To understand how it works, just imagine this scenario. While navigating through an unfamiliar neighborhood, an autonomous vehicle stops before reaching a blind corner.

Apparently, its system has detected a child running across the road, right where the car is about to make its turn. Had the situation occurred without laser technology involved, another young life would have been added to the death toll.

Surprisingly, statistics reveal that traffic accidents claim more than 1.2 million lives a year, making it the world's second leading cause of death among children at age 5 to 14.

Should the group become successful in creating a system using the new laser technology, there is a great chance that these alarming figures would become a thing of the past.

"This is a big step forward for our field that will hopefully benefit all of us," says Gordon Wetzstein, assistant professor of electrical engineering at SU and lead author of the study.

How The Laser-Based System Detects Looming Road Accidents

To "magically" see through corners, the researchers installed a laser device right next to a photon detector that's sensitive enough to capture the smallest particle of light.

With everything in place, they began shooting laser beams at a solid wall where they are reflected on a hidden object.
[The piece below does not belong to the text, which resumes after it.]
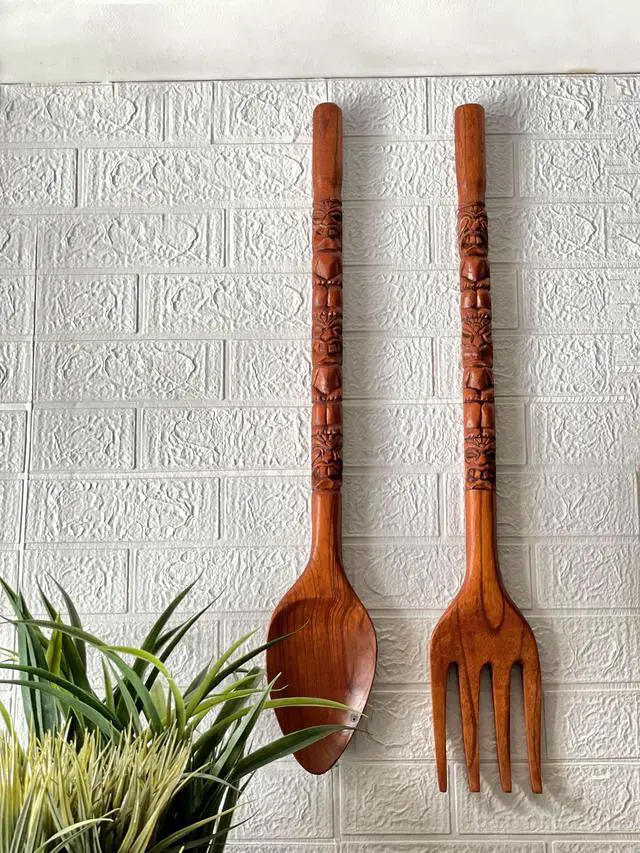 Alt view image 4 of 7 - Hand-Carved Brown Wood Tiki Design Spoon & Fork Wall Sculpture Set Tropical Decor Utensil Decoration - 30 Inches Long - Adds Exotic Charm to Your Home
From there, they bounce back to the wall and to the detector.

The entire process, also known as a "scan", takes anywhere between a couple of minutes and an hour to complete. At this point, the captured photons are merely blobs without any distinct form.

Using an algorithm, which the group claims as more effective than existing ones, the blobs are turned into sharp images in less than a single second.
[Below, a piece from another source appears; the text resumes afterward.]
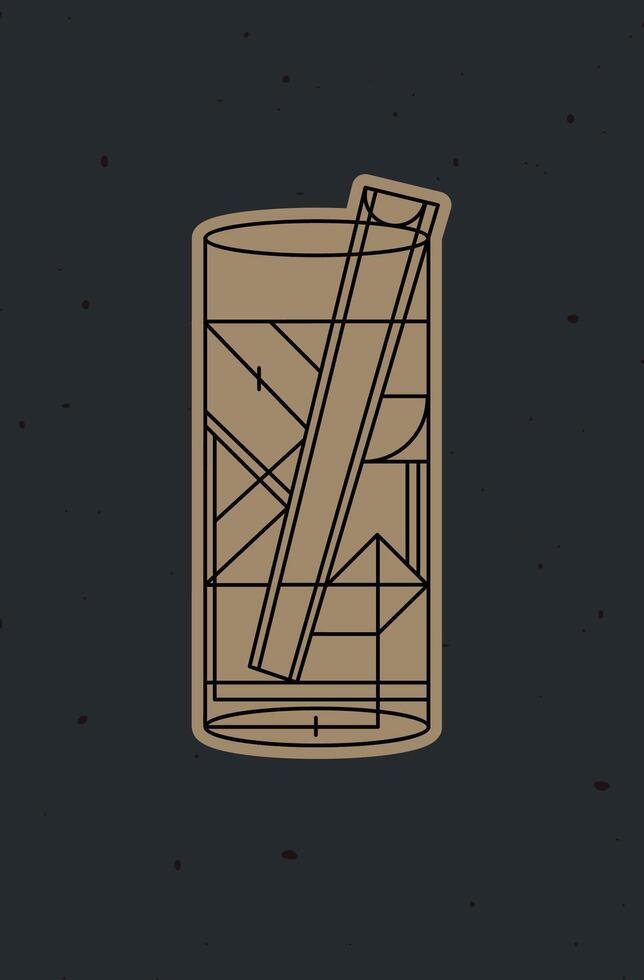 Art deco cocktail bloody mary drawing in line style on dark background vector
In a paper published March 5 on international science journal Nature, researchers refer to the recently-discovered technique as "confocal non-line-of-sight imaging" or C-LOS imaging.

Laser Cameras That See Through Corners And Walls

This is not the first time that bouncing lasers have been used in detecting hidden objects. As early as December 2015, a group at Heriot-Watt University, Scotland placed laser devices inside cameras to make them see and record moving objects around corners and through walls.

The Scottish researchers came up with an incredibly fast system, with a laser device that shoots an average of 67 million pulses per second and a highly sensitive camera capable of capturing even the tiniest photon particles at a rate of 50 picoseconds.

Similar to SU's technology, this laser-based camera system would prove useful in making self-driving cars much safer from collisions.

"If the other vehicle or person is arriving too fast, implying that there could be a collision, then the system could feed this information to the car, which could then autonomously decide to slow down," explains Daniele Faccio, a physicist at HWU and lead author of the 2015 study.

More details of their laser-based system are found in a paper published Dec. 7 on research journal Nature Photonics.